The days of walling off the outside world to protect your network are quickly going the way of the Dodo. Thanks to the extraordinary growth of remote workforces, the adoption of cloud-based networking, and new cyber threats, the old network security model just no longer works.
In this time of ultimate shareability and interconnectedness, threats can come from any angle—including inside your network. Enter the Zero Trust security framework. By trusting none and verifying all, Zero Trust can make any network, home of business, become Fort Knox.
With the old “castle and moat” style of protecting networks going by the wayside, many speculate that VPNs will follow suit. So what does this all mean for the security of your data and will you still be using a VPN in a few years time? Let’s dig in to find out more and see what the future holds for your network security.
What is Zero Trust?
NordLayer
Despite huge investments in firewalls and VPNs, organizations and even individuals are finding that they’re still vulnerable. This is down to the inherent flatness of most networks. Once hackers are able to penetrate a network, they can easily move around without worrying about additional security checks. Zero Trust is a way to combat this type of unwanted access.
Zero Trust architecture might sound like some newfangled technology, but it’s really just a strategy used for network security. It’s a type of cybersecurity methodology rather than any single program or application.
The basic idea behind Zero Trust is to, well, trust no one. Pretty simple right? In reality it takes the form of better and more comprehensive authentication in front of a service; principles such as ‘least access needed’, and the assumption that the network is always under attack, guide this model.
Why is this authentication important? Take a castle as an example. A traditional VPN acts as the moat surrounding the castle. This makes it difficult to get in, but once inside you’re able to roam about freely.
Zero Trust security on the other hand can be thought of as castle guards. They’re posted at every doorway, acting as gatekeepers for that area. Anytime you want to move to another room in the castle, you need to gain permission from that area’s guard. This level of comprehensive security is much better at limiting the damage that an intruder can do if they manage to get inside.
The principles of Zero Trust are already being used by some forward-thinking organizations and companies, but it’s only a matter of time before the same ideas will be leveraged for use in home networks and personal applications as well.

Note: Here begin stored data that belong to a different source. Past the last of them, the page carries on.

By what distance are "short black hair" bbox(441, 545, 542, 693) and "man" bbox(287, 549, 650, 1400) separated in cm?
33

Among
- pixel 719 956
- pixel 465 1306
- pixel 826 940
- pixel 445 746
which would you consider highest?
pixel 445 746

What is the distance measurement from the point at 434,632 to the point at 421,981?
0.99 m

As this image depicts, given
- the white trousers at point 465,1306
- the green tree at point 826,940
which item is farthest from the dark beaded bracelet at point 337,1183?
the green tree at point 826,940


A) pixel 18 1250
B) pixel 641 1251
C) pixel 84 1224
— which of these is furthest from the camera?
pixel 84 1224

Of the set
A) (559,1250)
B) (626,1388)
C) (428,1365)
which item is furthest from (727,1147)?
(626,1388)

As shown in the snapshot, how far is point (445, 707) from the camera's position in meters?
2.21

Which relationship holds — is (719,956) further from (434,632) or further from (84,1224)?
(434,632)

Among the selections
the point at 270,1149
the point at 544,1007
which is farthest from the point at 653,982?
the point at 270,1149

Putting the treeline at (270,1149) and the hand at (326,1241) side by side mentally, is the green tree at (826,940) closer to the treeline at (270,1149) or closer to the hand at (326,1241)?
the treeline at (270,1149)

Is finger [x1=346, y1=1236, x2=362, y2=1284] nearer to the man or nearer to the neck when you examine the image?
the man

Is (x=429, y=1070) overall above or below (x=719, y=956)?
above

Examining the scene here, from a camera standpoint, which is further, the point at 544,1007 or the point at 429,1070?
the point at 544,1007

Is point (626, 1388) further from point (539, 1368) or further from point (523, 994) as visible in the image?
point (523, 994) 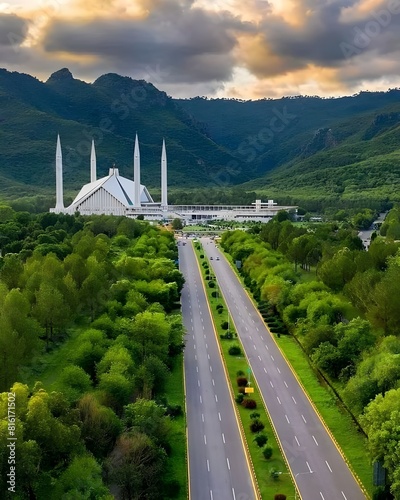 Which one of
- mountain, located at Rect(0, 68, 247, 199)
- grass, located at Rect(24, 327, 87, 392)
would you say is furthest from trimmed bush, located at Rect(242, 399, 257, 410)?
mountain, located at Rect(0, 68, 247, 199)

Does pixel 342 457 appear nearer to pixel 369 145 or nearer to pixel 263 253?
pixel 263 253

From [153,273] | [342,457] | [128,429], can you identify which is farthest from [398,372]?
[153,273]

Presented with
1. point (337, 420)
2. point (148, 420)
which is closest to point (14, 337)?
point (148, 420)

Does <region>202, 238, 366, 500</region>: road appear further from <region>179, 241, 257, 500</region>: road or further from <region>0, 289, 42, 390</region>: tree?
<region>0, 289, 42, 390</region>: tree

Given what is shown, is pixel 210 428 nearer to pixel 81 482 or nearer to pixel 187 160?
pixel 81 482

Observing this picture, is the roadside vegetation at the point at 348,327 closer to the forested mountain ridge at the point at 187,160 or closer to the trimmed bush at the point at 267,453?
the trimmed bush at the point at 267,453

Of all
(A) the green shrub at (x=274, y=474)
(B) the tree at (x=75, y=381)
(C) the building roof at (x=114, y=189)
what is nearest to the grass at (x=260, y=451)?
(A) the green shrub at (x=274, y=474) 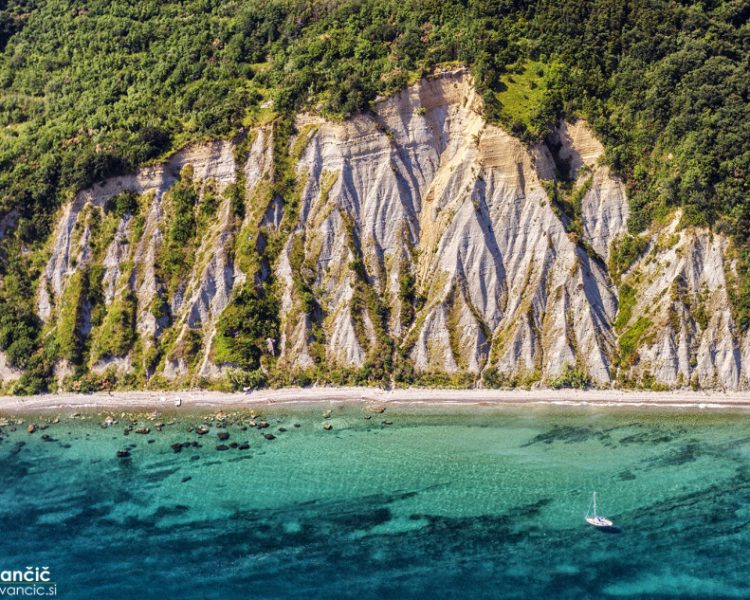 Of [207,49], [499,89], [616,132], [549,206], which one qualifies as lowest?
[549,206]

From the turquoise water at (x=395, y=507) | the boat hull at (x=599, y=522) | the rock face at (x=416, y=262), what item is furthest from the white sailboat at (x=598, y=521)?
the rock face at (x=416, y=262)

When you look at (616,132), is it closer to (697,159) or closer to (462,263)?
(697,159)

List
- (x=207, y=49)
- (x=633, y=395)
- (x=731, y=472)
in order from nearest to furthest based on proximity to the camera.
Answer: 1. (x=731, y=472)
2. (x=633, y=395)
3. (x=207, y=49)

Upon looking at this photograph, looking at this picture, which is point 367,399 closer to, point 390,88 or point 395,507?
point 395,507

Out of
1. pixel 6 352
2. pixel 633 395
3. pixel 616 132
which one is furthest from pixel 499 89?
pixel 6 352

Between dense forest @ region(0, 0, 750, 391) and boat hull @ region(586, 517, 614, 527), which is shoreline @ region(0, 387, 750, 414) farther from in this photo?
boat hull @ region(586, 517, 614, 527)

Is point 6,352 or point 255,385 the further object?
point 6,352

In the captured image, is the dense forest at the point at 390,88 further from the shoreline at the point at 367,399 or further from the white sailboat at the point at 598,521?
the white sailboat at the point at 598,521

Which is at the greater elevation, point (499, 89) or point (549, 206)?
point (499, 89) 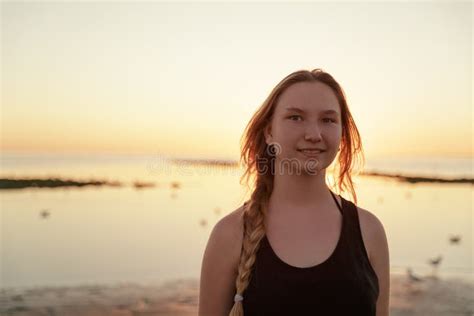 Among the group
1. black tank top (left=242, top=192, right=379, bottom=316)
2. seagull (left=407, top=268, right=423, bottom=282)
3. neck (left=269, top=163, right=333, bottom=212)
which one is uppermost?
neck (left=269, top=163, right=333, bottom=212)

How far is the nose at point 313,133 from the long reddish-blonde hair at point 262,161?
0.83ft

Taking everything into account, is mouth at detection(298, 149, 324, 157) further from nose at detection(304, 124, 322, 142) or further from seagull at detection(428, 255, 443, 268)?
seagull at detection(428, 255, 443, 268)

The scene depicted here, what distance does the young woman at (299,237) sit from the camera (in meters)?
2.36

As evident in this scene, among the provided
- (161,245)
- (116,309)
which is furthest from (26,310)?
(161,245)

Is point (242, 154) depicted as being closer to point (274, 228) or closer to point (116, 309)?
point (274, 228)

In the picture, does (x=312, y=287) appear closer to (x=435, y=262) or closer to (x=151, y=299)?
(x=151, y=299)

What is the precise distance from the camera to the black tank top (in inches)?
92.0

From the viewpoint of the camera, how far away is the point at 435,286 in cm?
823

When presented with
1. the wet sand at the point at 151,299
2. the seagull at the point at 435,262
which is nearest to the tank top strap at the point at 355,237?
the wet sand at the point at 151,299

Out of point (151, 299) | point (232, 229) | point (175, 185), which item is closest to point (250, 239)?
point (232, 229)

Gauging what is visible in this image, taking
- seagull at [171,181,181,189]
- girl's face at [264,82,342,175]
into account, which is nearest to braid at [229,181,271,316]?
girl's face at [264,82,342,175]

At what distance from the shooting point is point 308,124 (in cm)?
251

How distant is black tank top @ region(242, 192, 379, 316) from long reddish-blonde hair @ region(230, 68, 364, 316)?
0.05 metres

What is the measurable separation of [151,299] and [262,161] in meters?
5.02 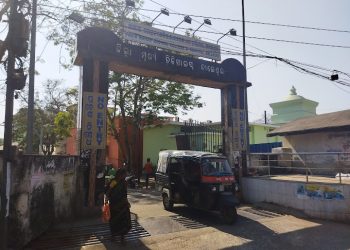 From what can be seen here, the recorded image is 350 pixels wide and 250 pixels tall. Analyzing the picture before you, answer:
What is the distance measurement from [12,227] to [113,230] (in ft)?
7.79

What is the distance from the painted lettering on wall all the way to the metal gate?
7.68m

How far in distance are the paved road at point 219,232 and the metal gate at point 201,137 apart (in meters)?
7.36

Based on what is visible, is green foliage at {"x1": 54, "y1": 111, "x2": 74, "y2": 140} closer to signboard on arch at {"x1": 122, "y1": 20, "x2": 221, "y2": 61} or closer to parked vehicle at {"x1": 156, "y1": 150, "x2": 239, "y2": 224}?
signboard on arch at {"x1": 122, "y1": 20, "x2": 221, "y2": 61}

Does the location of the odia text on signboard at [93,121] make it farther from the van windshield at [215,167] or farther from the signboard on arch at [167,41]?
the van windshield at [215,167]

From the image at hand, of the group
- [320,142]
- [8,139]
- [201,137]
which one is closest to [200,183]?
[8,139]

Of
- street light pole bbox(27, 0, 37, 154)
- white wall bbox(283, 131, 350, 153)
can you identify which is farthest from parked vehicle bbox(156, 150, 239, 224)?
white wall bbox(283, 131, 350, 153)

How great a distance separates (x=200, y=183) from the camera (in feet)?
37.5

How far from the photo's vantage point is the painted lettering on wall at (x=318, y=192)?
1127 cm

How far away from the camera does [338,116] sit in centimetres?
1891

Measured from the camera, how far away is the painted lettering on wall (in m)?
11.3

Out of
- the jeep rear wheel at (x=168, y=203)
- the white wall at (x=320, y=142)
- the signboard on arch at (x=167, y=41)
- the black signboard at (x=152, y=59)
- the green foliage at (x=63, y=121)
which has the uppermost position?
the signboard on arch at (x=167, y=41)

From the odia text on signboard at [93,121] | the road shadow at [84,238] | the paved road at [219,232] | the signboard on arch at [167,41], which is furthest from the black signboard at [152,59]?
the road shadow at [84,238]

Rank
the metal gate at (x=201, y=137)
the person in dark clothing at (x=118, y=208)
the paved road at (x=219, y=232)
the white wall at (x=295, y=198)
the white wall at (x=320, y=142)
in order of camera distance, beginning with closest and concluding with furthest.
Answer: the paved road at (x=219, y=232) → the person in dark clothing at (x=118, y=208) → the white wall at (x=295, y=198) → the white wall at (x=320, y=142) → the metal gate at (x=201, y=137)

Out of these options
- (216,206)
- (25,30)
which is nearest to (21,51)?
(25,30) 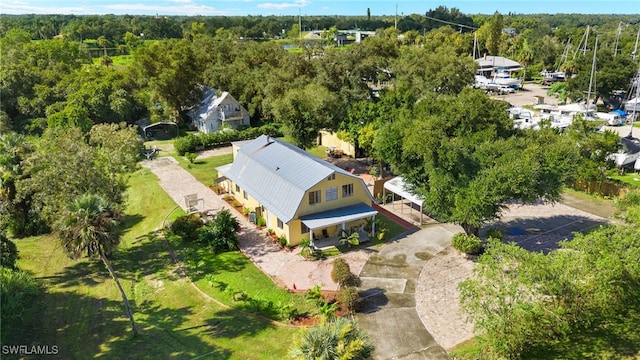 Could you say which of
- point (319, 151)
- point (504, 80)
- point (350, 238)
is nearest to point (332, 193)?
point (350, 238)

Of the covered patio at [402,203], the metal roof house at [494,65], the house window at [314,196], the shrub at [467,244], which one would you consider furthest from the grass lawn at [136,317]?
the metal roof house at [494,65]

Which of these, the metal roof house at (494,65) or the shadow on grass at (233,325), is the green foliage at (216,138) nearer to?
the shadow on grass at (233,325)

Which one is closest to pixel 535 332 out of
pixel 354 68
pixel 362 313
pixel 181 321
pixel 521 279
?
pixel 521 279

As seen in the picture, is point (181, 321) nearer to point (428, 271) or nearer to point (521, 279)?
point (428, 271)

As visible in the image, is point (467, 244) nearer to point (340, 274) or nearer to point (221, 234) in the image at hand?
point (340, 274)

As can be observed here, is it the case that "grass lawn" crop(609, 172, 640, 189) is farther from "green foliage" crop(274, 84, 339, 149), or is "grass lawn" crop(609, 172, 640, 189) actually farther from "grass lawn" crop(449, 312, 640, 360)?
"green foliage" crop(274, 84, 339, 149)

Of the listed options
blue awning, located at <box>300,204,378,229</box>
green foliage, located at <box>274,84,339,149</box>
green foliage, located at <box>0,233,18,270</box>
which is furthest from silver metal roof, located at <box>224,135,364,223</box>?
green foliage, located at <box>0,233,18,270</box> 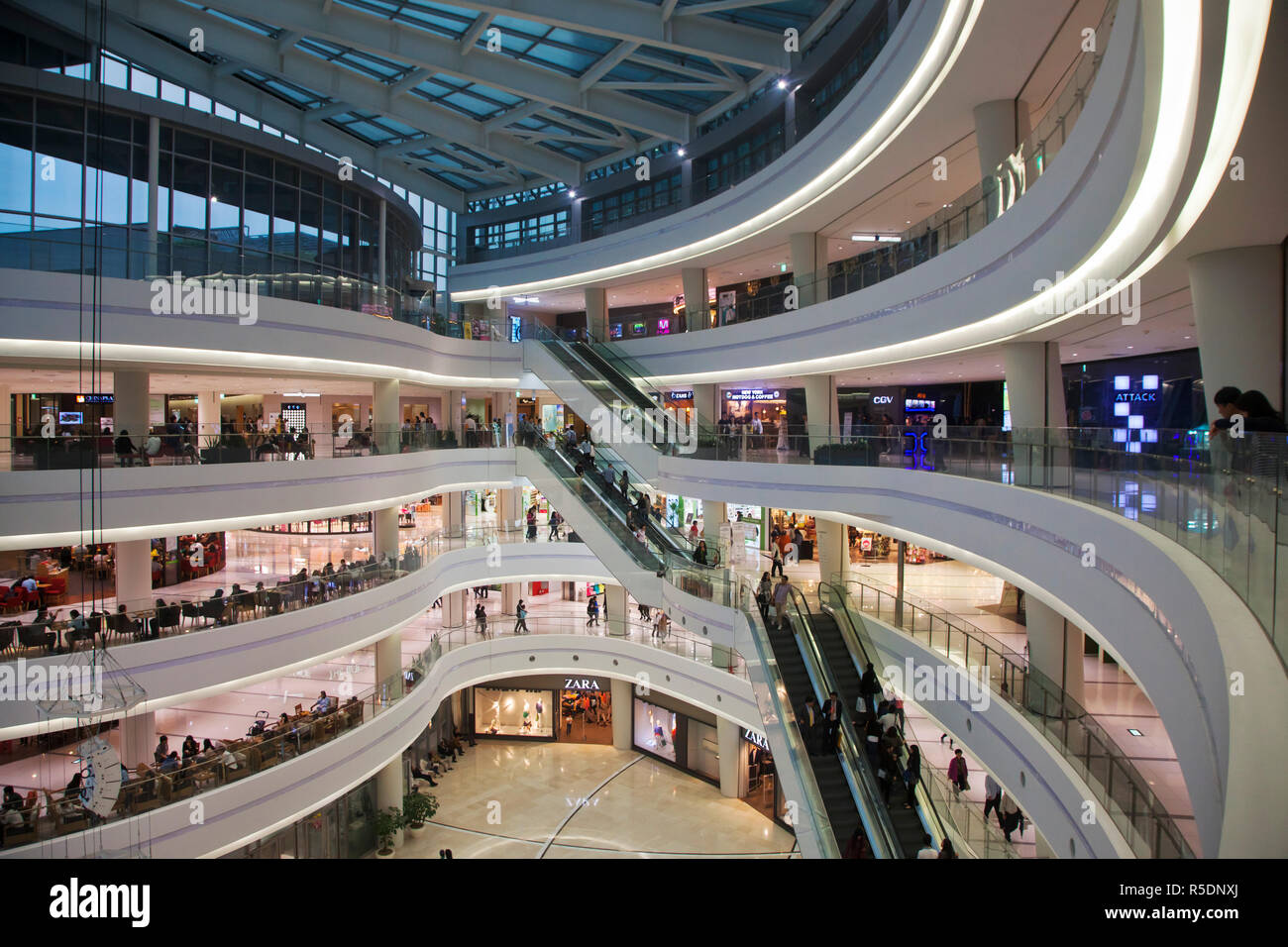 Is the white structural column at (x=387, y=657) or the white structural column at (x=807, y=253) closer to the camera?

Will Zero Trust replace VPNs?
Due to the very nature of Zero Trust, traditional VPNs are facing a reckoning. Because Zero Trust architecture is very effective at keeping networks secure, some in the security community argue that it threatens to replace VPNs as a method for remote access.
Personally, I don’t think that will be the case. Zero Trust may become a default practice for companies in the future, but this doesn’t mean that VPNs will go the way of the dinosaurs though.
Sam Singleton
They still provide myriad benefits when it comes to both professional and personal privacy. Just because you’re accessing a Zero Trust service that’s authenticating every step of the way doesn’t mean your activities are private; someone who’s watching your traffic can still piece together everything you’re doing.
A VPN remains the best way of obfuscating your traffic and keeping it out of sight from prying eyes. Seeing as how Zero Trust architecture and VPNs don’t inherently conflict with one another, it’s most likely that Zero Trust is something that will be used in tandem with a VPN rather than its direct replacement in the future.
Zero Trust and VPNs to protect your data, the power of friendship
As more and more people begin working from home, their home networks will begin to grow larger and more complex. Wireless routers and access points will then become juicy targets for hackers to compromise private data.
Zero Trust security at home can take the form of multi-factor authentication (MFA) on all personal accounts. We are already seeing MFAs such as Face ID, personal USB hardware tokens, and passkeys becoming more popular. Windows 11 now allows users to easily setup and start using biometric passkeys with the right equipment.
Unfortunately, there are no current packaged solutions to Zero Trust at home. Until it becomes more ubiquitous, you’ll need to take it upon yourself to follow these practices. Utilizing things such as the aforementioned MFA, network segmentation, and strong firewalls are a good start. This is in addition to using a good VPN. When working from home or connecting to a company network, it’s always a good idea to use a VPN—even if your company doesn’t require it.
Zero Trust security won’t replace VPNs, but it does stand to make them better in ways that most people won’t even be aware of. In the future, it’ll become essential for VPN providers to keep customer data safe through Zero Trust practices—and be able to prove it as well. This behind the scenes benefit figures to reap huge benefits for the security of customer data.
Already major VPNs are starting to make it part of their privacy practices. ExpressVPN recently updated its Trust Center policies to include new core tenets such as “Embracing Zero Trust”, “Employing zero-knowledge encryption”, and “Principle of least privilege”. I expect to see more VPNs jump on board with similar privacy policy guidelines as well.
Why an ESR iPhone accessory makes the perfect Christmas gift
This is all great news for all VPN users, not just the privacy-conscious. With VPNs enacting more Zero Trust security practices to keep user data safe on the backend, they are doing their part. But until Zero Trust becomes common practice across all networks and accounts, we’ll need to take it upon ourselves to go the extra mile and protect ourselves at home.